- Opening Delimiter -
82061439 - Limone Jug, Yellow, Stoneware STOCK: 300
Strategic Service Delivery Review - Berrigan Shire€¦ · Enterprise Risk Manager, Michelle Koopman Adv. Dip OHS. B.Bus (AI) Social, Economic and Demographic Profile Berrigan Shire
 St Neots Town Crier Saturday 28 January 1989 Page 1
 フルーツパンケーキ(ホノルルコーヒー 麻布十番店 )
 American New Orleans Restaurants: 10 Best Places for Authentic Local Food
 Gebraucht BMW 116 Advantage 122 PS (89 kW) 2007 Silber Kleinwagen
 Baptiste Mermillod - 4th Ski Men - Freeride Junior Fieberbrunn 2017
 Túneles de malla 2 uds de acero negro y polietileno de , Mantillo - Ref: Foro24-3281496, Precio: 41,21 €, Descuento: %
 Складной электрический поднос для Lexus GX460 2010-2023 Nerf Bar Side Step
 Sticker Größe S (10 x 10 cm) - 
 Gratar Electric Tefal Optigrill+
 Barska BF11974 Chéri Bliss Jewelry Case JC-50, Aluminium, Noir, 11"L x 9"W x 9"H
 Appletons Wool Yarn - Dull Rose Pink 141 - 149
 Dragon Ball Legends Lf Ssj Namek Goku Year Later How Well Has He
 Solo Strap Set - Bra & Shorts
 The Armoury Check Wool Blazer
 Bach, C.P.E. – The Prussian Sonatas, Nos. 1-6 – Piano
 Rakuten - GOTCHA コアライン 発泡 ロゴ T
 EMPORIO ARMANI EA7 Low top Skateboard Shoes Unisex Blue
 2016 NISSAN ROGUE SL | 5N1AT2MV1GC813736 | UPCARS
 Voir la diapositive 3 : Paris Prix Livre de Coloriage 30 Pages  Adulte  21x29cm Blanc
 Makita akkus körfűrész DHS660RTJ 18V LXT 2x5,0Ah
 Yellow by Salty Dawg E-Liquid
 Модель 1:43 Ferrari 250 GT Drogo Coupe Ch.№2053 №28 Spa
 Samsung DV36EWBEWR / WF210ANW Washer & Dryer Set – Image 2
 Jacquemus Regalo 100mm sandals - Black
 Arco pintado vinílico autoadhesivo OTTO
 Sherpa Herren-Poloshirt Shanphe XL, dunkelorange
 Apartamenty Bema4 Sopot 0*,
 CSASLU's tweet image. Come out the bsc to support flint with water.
- Closing Delimiter -
● **About this task**
Nothing but the lines from the one containing "Gratar Electric Tefal Optigrill+" through the end of the material should appear; please return them exactly.

● **Response area**
 Gratar Electric Tefal Optigrill+
 Barska BF11974 Chéri Bliss Jewelry Case JC-50, Aluminium, Noir, 11"L x 9"W x 9"H
 Appletons Wool Yarn - Dull Rose Pink 141 - 149
 Dragon Ball Legends Lf Ssj Namek Goku Year Later How Well Has He
 Solo Strap Set - Bra & Shorts
 The Armoury Check Wool Blazer
 Bach, C.P.E. – The Prussian Sonatas, Nos. 1-6 – Piano
 Rakuten - GOTCHA コアライン 発泡 ロゴ T
 EMPORIO ARMANI EA7 Low top Skateboard Shoes Unisex Blue
 2016 NISSAN ROGUE SL | 5N1AT2MV1GC813736 | UPCARS
 Voir la diapositive 3 : Paris Prix Livre de Coloriage 30 Pages  Adulte  21x29cm Blanc
 Makita akkus körfűrész DHS660RTJ 18V LXT 2x5,0Ah
 Yellow by Salty Dawg E-Liquid
 Модель 1:43 Ferrari 250 GT Drogo Coupe Ch.№2053 №28 Spa
 Samsung DV36EWBEWR / WF210ANW Washer & Dryer Set – Image 2
 Jacquemus Regalo 100mm sandals - Black
 Arco pintado vinílico autoadhesivo OTTO
 Sherpa Herren-Poloshirt Shanphe XL, dunkelorange
 Apartamenty Bema4 Sopot 0*,
 CSASLU's tweet image. Come out the bsc to support flint with water.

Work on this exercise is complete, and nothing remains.